I have a function in a package (mainly for my own use currently, might share at some future point). I'm trying to replace a slow for loop with an lapply so that later I can parallelise it. So one option I found that is hugely faster even without parellelisation is to use the global assignment operator. However I'm anxious about this as this seems to be frowned upon, and I'm not used to thinking about environments and so worry about side effects:
Here is a simple reprex:
n <- 2
nx <- 40
v <- 5
d <- 3
array4d <- array(rep(0, n * nx * v * d) ,
dim = c(n, nx, v, d) )
array4d2 <- array4d
# Make some data to enter into the array - in real problem a function gens this data depending on input vars
set.seed(4)
dummy_output <- lapply(1:v, function(i) runif(n*nx*d))
microbenchmark::microbenchmark( {
for(i in 1:v){
array4d[ , , i, ] <- dummy_output[[i]]
}
}, {
lapply(1: v, function(i) {
array4d2[ , , i, ] <<- dummy_output[[i]]
})
})
Unit: microseconds
expr min lq
{ for (i in 1:v) { array4d[, , i, ] <- dummy_output[[i]] } } 1183.504 1273.6205
{ lapply(1:v, function(i) { array4d2[, , i, ] <<- dummy_output[[i]] }) } 13.257 16.1715
mean median uq max neval cld
1488.26909 1411.4565 1515.762 3535.974 100 b
33.56976 18.1445 21.150 1525.608 100 a
>
> identical(array4d, array4d2)
[1] TRUE
All of this would be happening inside a function called many times by its parent.
So this is (lots!) faster. But my questions are
<<-
?Make the varying dimension the last one. microbenchmark indicates that its performance is not statistically different than the one using a global variable.

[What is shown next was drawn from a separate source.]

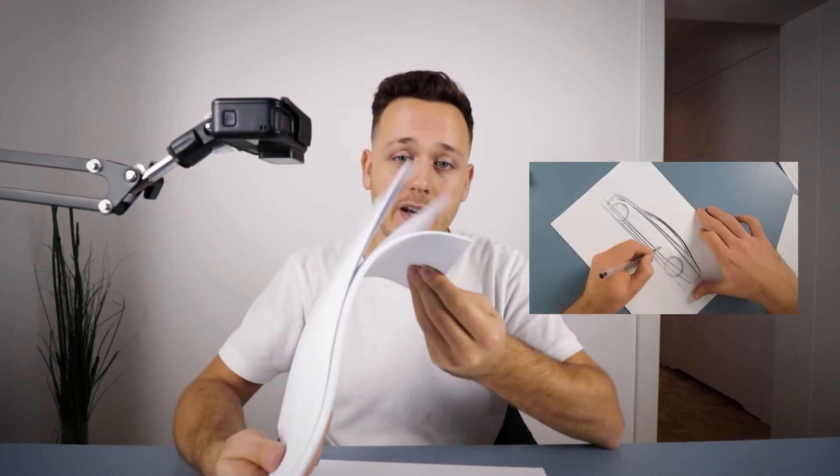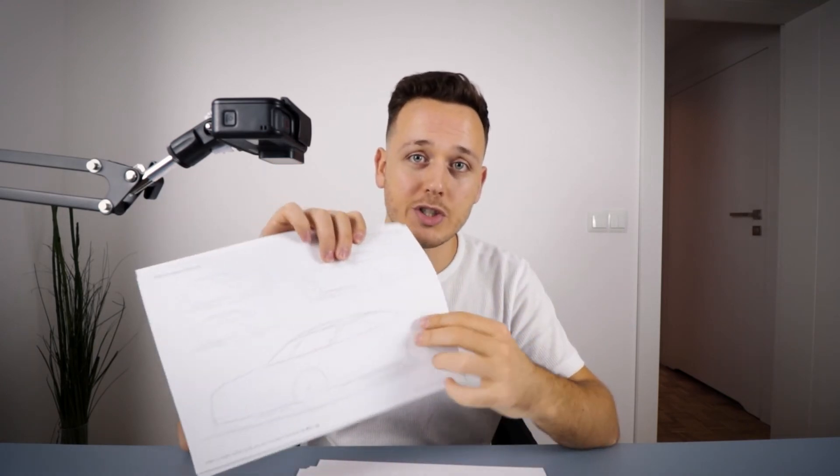All you need to start this course is just a simple pen, some paper, and a burning passion for car design. I will also give you some practice files, as you can see here — these are about teaching you perspective and proportions, and they cover different segments of cars.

If it is important that the dimension be the third use aperm(x, c(1, 2, 4, 3))
afterwards.
microbenchmark::microbenchmark(
a = for(i in 1:v) array4d[ , , i, ] <- dummy_output[[i]],
b = lapply(1: v, function(i) array4d2[ , , i, ] <<- dummy_output[[i]]),
c = array(unlist(dummy_output), dim(array4d3))
)